To measure the number of “cells” that had a unique colour, we performed Monte-Carlo simulations (n = 200), by generating simulated colours in N dimensions, with a specified number of cells. “Cells” were classed as unique if they had no other cells within the threshold distance, Th(d). The percent of cells that were unique within each simulation was recorded and the mean and standard deviation were determined. All analysis was performed on MATLAB (v9.11) and are available on GitHub (https://github.com/mleiwe/QDyeFinder).

Modelling with noise

After modelling “cells”, noise signals were introduced to recapitulate signal fluctuation in “neurites” (Supplementary Fig. 6). The noise followed normal distribution and SD per channel was changed. In this case, Th(d) was defined to cover 95% of the modelled “neurite” with noise. Percent discriminable was determined based on this Th(d) as described above. Modelling codes are available at GitHub (https://github.com/mleiwe/ModellingSuperTetbow).
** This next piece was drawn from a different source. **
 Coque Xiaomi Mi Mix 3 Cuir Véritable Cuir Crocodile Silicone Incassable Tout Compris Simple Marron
Quantitative comparison of traced data

We reconstructed neurites using Neurolucida and Imaris 10 Filament tracer (Imaris version 10.0). Because the format of the tracing data is different between the two platforms, we converted the data using the following procedure.
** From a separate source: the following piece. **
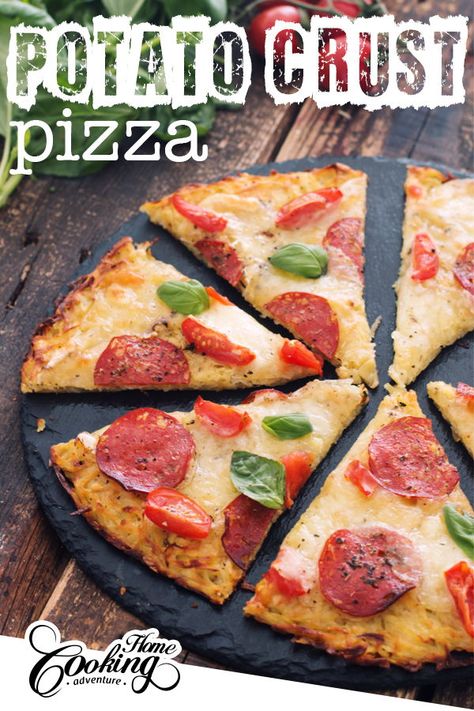 Potato Crust Pizza is very easy pizza recipe, no need for preparing the dough in advance and it’s also gluten-free #homemade pizza, #gluten free pizza recipes, #potato recipes ideas Potato Crust Pizza, Vegan Pizza Toppings, Potato Pizza Crust, Vegan Pizza Dough, Gluten Free Pizza Recipes, Adventure Videos, Recipes Brunch, Potato Crust, Vegan Pizza Recipe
The neuron traces are processed using custom code written in Python3.9.10. The file types included are Neurolucida XML and Imaris filaments, which are converted to the standard SWC format. The manual tracing was performed in Neurolucida360.
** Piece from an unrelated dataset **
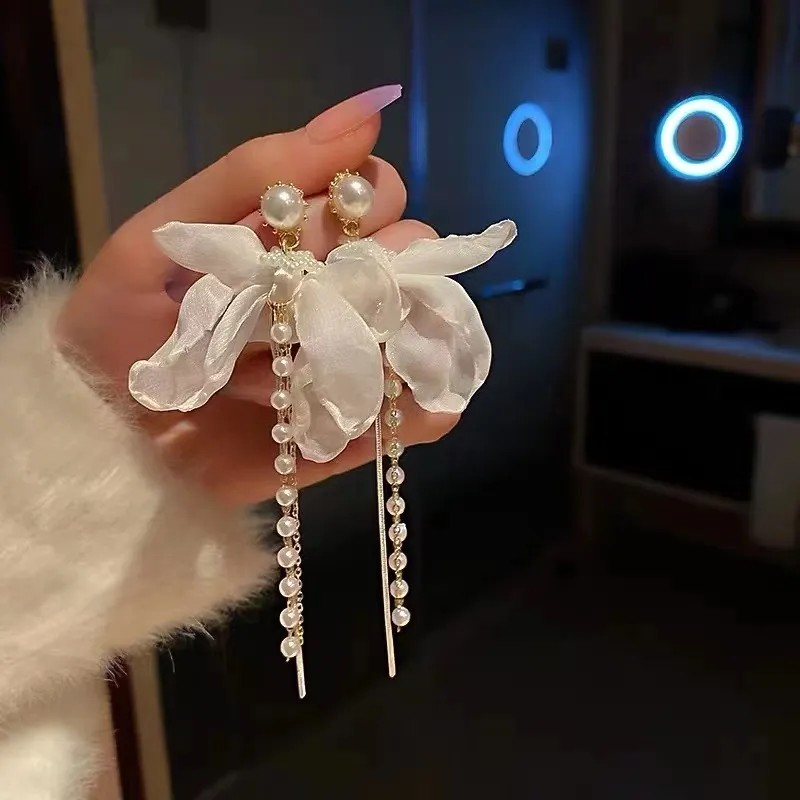 Brincos de borla de pérola de renda de verão feminino Moda de jóias simples femininas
First, the Imaris 10 Filament Tracer was used to obtain the automatic tracing result. Subsequently, the filaments were converted directly from Imaris to ‘SWC’ morphologies using a custom-written SWC exporter, which is then parsed in Python. The code is available on GitHub (https://github.com/Elsword016/Swc-plugins-for-Imaris-10). For Neurolucida XML, we converted it to a MATLAB struct using codes that were already integrated into the main QDyeFinder algorithm. The MATLAB struct is then parsed in Python using the mat73 library.

For our quantification metric, we calculated “% reconstructed”, which indicates how much of the ground truth fragments were covered by QDyeFinder or Imaris (area of intersection / area of ground truth). We increased the width of the traces of QDyeFynder or Imaris by 10 pixels to negate small misalignments of the traces (<10 pixels).

Statistics and reproducibility

Statistical analyses used are explained in figure legends. Sample sizes were not pre-determined. We did not perform blind analyses. Instead, we analysed all the possible neurites in the images to exclude any human biases. Numbers of synthetic “neurons” (10,000 cells) in simulation studies were determined based on the computational costs. Representative images and their data in Figures were chosen from at least three independent samples with similar conclusions. Labelling densities with Tetbow varied between experiments; we have excluded samples where the labelled neurons were too sparse (<10) or too dense ( > 500). Exclusion criteria for QDyeFinder pipeline are explained in Fig. 2.

Reporting summary

Further information on research design is available in the Nature Portfolio Reporting Summary linked to this article.